21. Die erhobene Verfahrensrüge ist unzulässig, weil sie nicht entsprechend den Darlegungsanforderungen des § 344 Abs. 2 Satz 2 StPO ausgeführt ist.

32. Die sachlich-rechtliche Nachprüfung des Urteils hat zum Schuld- und Strafausspruch keinen dem Angeklagten nachteiligen Rechtsfehler ergeben. Sie gibt jedoch Anlass zu einer Abänderung und Neufassung der Einziehungsentscheidungen sowie teilweise zu deren Aufhebung und Zurückverweisung.

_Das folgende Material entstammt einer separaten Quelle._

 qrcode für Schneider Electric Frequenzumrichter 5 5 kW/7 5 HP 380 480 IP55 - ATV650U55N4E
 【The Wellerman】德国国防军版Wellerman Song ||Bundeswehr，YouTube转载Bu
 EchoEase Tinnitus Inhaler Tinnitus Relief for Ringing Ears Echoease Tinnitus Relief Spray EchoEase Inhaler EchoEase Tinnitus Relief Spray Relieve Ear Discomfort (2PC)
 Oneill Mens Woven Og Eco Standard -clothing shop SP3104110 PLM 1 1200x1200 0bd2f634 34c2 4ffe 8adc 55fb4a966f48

4a) Betreffend das eingezogene Mobiltelefon hat der Generalbundesanwalt ausgeführt:

„Soweit das Landgericht ein sichergestelltes Mobiltelefon der Marke W.   als Tatmittel (§ 74 Abs. 1 StGB) eingezogen hat (UA S. 28), erscheint es aus prozessökonomischen Gründen sachgerecht, das Verfahren gemäß § 421 Abs. 1 Nr. 2 StPO auf die übrigen Rechtsfolgen zu beschränken. Die Urteilsgründe lassen nämlich nicht erkennen, ob sich die Strafkammer bewusst war, dass sie insoweit eine Ermessensentscheidung zu treffen hatte (vgl. BGH, Beschlüsse vom - 4 StR 157/22, juris Rn. 2; vom - 3 StR 128/22, juris Rn. 4).“

5Dem verschließt sich der Senat nicht, verfährt jedoch nicht nach § 421 Abs. 1 Nr. 2 StPO, sondern verweist die Sache zu neuer Entscheidung an das Landgericht zurück, woran er durch die vom Generalbundesanwalt erteilte Zustimmung zu einer Absehensentscheidung nicht gehindert ist.

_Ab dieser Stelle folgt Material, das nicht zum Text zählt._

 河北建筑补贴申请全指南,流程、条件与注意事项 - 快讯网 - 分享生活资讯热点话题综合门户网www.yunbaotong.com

6b) Betreffend die angeordnete „Einziehung von Wertersatz“ in Höhe von 96.200 Euro hat der Generalbundesanwalt ausgeführt:

„Hinsichtlich der aus den urteilsgegenständlichen Taten erzielten Verkaufserlöse in Höhe von insgesamt 96.200 Euro hat das Landgericht im Grundsatz rechtsfehlerfrei die Einziehung des Wertes von Taterträgen gemäß §§ 73 Abs. 1, 73c Satz 1 StGB angeordnet (UA S. 28).

Eine originäre Einziehung der betreffenden Vermögenswerte ist nicht möglich. …

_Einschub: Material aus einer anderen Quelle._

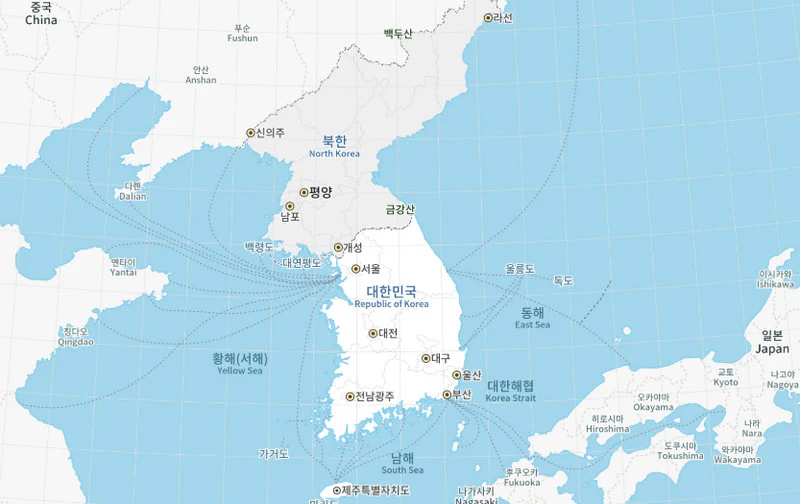 카카오맵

Indes lässt sich anhand der Urteilsfeststellungen nicht gänzlich ausschließen, dass das in der Wohnung des Angeklagten sichergestellte, der erweiterten Einziehung unterworfene Bargeld in Höhe von 1.560 Euro … aus einer der abgeurteilten Taten in den Fällen 1.a bis 1.d der Urteilsgründe herrührt. Um eine doppelte Abschöpfung auszuschließen, ist diese Summe bei der Bestimmung des Wertersatzbetrages in Abzug zu bringen (vgl. BGH, Beschlüsse vom - 3 StR 328/23, juris Rn. 10; vom - 3 StR 419/22, juris Rn. 3). Damit ist die Wertersatzeinziehung nur noch in Höhe von 94.640 Euro anzuordnen. …“

7Dem folgt der Senat und ändert die Einziehungsentscheidung entsprechend.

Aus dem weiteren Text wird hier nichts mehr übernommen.